Demi Lovato released a new song called “Swine” to protest the one-year anniversary of the Roe v. Wade overturn — and Sara Gonzales of "The News & Why It Matters" is disturbed, to say the least.

The video shows Lovato clad in red, thrashing around in front of men dressed in black and features lyrics like, “God forbid, I wanna f*** whoever the f*** I want / And if he cums, I guess I gotta be a mother.”

“It’s not lost on me that everyone there was in black and she was dressed in red. I wonder what the significance of that is?” Gonzales asks.

“She’s dancing for the overlord,” guest Jaco Booyen explains, “she’s in red because she’s the sacrificial lamb. She is literally telling you ‘I trade my soul for fame.’”

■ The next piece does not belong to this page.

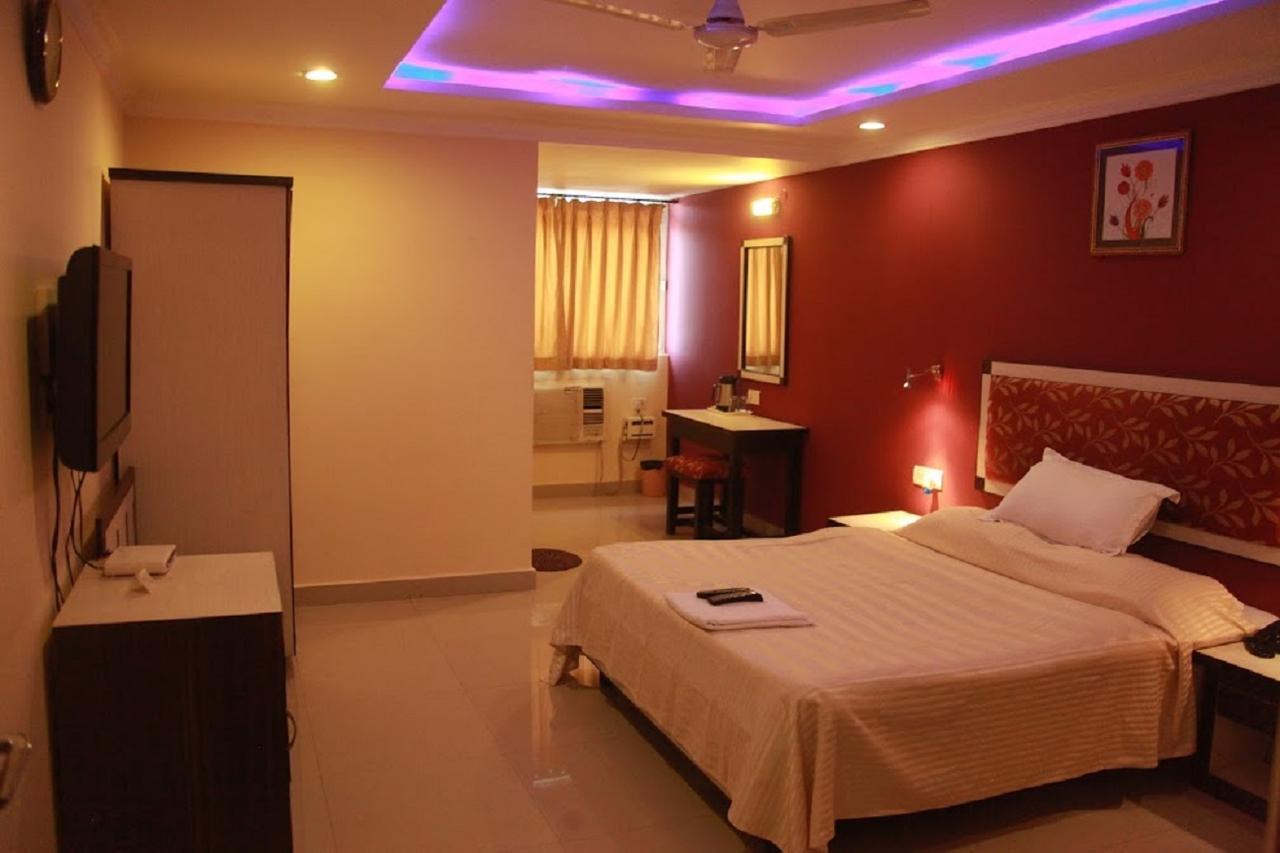 Hotel Parklane حيدر أباد المظهر الخارجي الصورة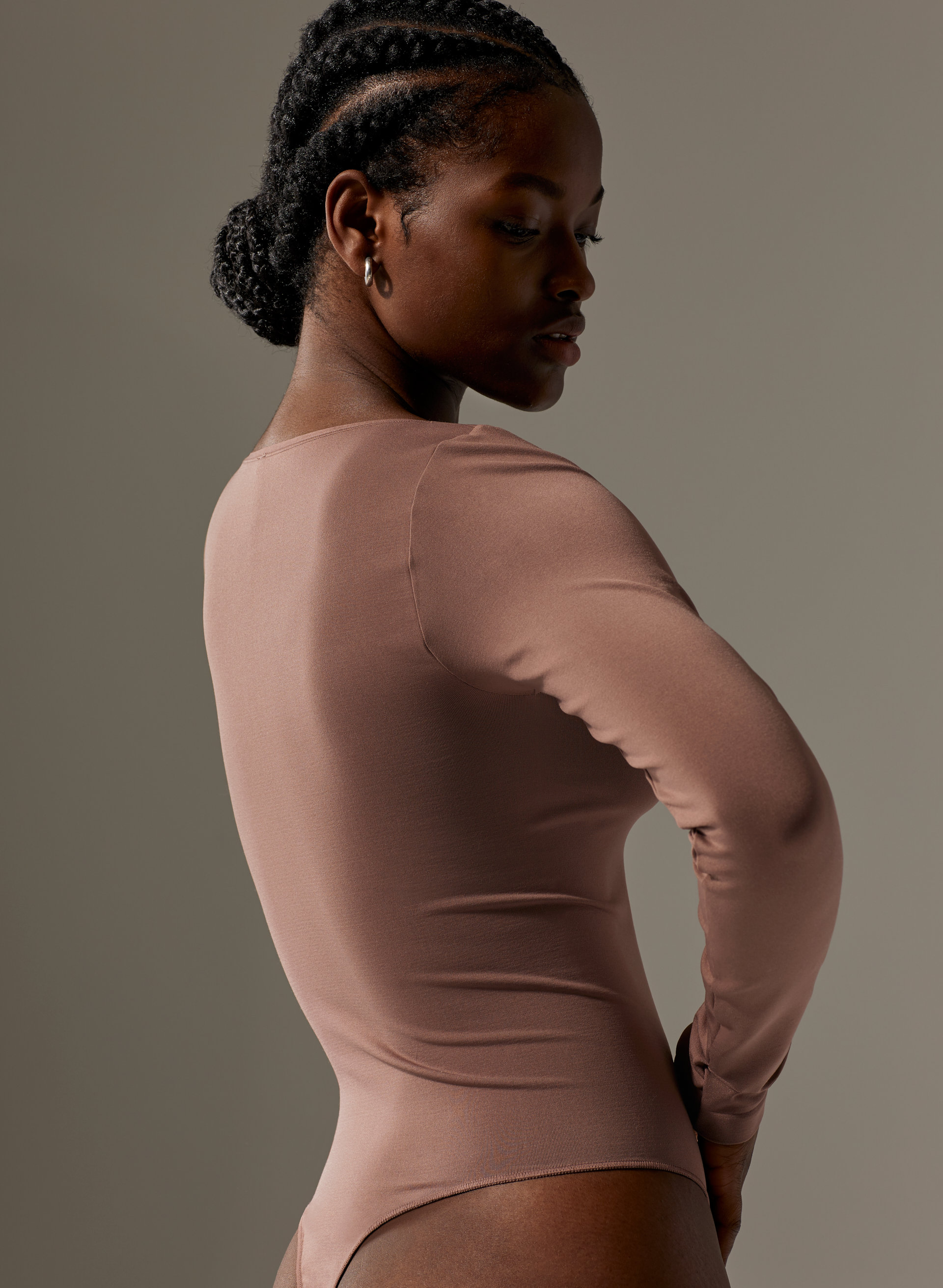 Seamless Contour Scoop Longsleeve Bodysuit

“Scripture says, ‘Don’t cast your pearls before swine.’ OK? They will cast children before Satan,” Booyen continues.

Booyens believes she has sadly sold her soul, commenting that she seems to be in “serious trouble.”

Gonzales agrees, adding that it was “downright satanic.”

She notes that there was also clearly a lot of anger in Lovato’s performance, mentioning that she even looked “possessed” throughout.

“It’s just that you really shouldn’t be that angry about not having the ability to kill your own child.”

Lovato had written an Instagram post to accompany her new song, in which she wrote that “we must continue to be united in our fight for reproductive justice,” adding that she “created ‘Swine’ to amplify the voices of those who advocate for choice and bodily autonomy.”

“I feel so bad,” Gonzales says, “and also infuriated with the next generation, with these younger females who are so easily manipulated and tricked into thinking that like, ‘Oh, abortion is banned!’”

“I would love it if that were the case, but it’s not. You can go to states that will literally fund your entire trip there,” she adds.